In May, the Los Angeles City Planning Commission sent Onni Group's Times Square development back to the drawing board.  Now, an updated presentation scheduled for consideration at a meeting on July 9 offers a look at revised designs for controversial mixed-use complex.

The proposed high-rise development would rise along the eastern side of Broadway between 1st and 2nd Streets, replacing a William Pereira-designed expansion of the former Los Angeles Times headquarters campus.  Onni is seeking entitlements for the construction of 37- and 53-story towers which would contain at total of 1,127 apartments above 34,000 square feet of ground-floor commercial uses and over 1,700 parking spaces.

The older Times buildings along Spring Street - built in the 1930s and 1940s - are poised for preservation and reuse as offices with ground-floor commercial uses.  A pedestrian paseo would separate the historic structures from the new buildings, creating a passageway between 1st and 2nd Streets.
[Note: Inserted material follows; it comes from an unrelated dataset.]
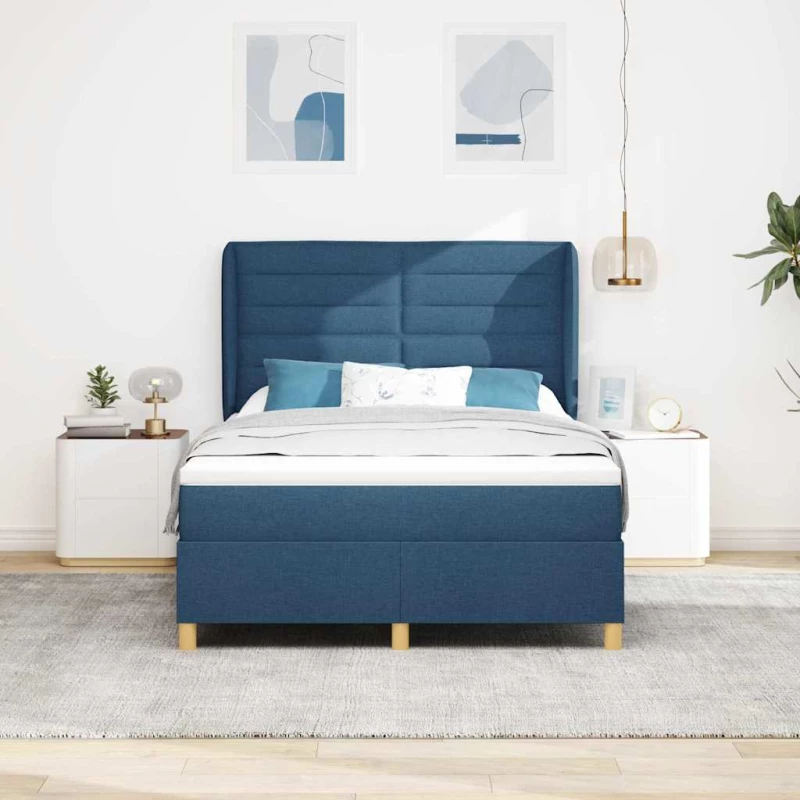 Κρεβάτι Box Spring vidaXL με Στρώμα Μπλε 140x190 εκ. Υφάσματος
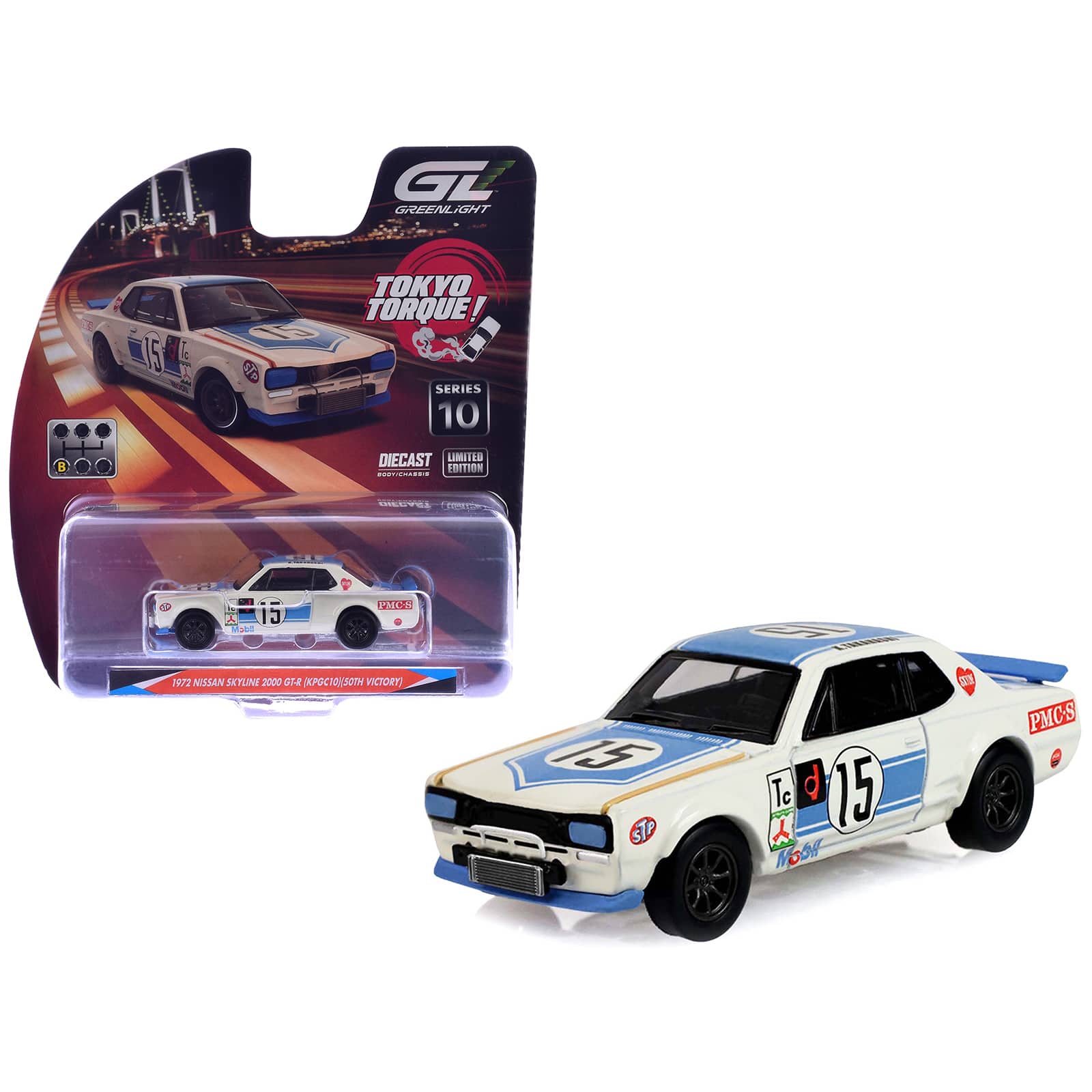 1972 Nissan Skyline 2000 GT-R (KPGC10) RHD #15 Kunimitsu Takahashi White & Blue 1/64 Diecast Model Car by Greenlight price history on PriceWatchPro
At the prior hearing, Commissioner David Ambroz expressed dissatisfaction with the design of the proposed towers, comparing it unfavorably to other high-rise developments recently seen by the Commission.

AC Martin, which is designing the project, has offered two new alternatives for the towers, both of which are intended to echo the prominent horizontal and vertical lines of the adjacent Art Deco architecture.  The first would cap the buildings with rectangular fins and canopies, while the latter would culminate in a sloping glass roofline - similar to initial design concepts submitted to the City in 2016.

Closer to the ground, the new design concepts also include a second option for the proposed podium structure along Broadway.  The new alternative would align the height of the podium with the adjoining L.A. Times Building, while bringing the glass of the towers down to street level.  New bays along 1st, 2nd, and Broadway would be colored in brown and bronze tones to relate to the existing buildings.

Onni Group's ownership of the Times Mirror Square property dates to 2016, when the company purchased the site for the reported sum of $120 million.  In the years that followed, the property's namesake tenant has relocated to El Segundo, while the Vancouver-based firm initiated entitlement proceedings for the proposed high-rise complex.

The project has faced staunch opposition from preservationists, who fought to designate the entire property - including the Pereira-designed buildings slated for demolition - as a Historic-Cultural Monument.  While the Cultural Heritage Commission endorsed monument status for the entire campus, the Los Angeles City Council voted to only landmark the 1930s and 1940s buildings along Spring Street.

In public comment, opponents of the development have also seized on political contributions made by Onni Group to a political action committee tied to City Councilmember Jose Huizar, who has been charged with accepting more than $1 million in bribes from real estate developers.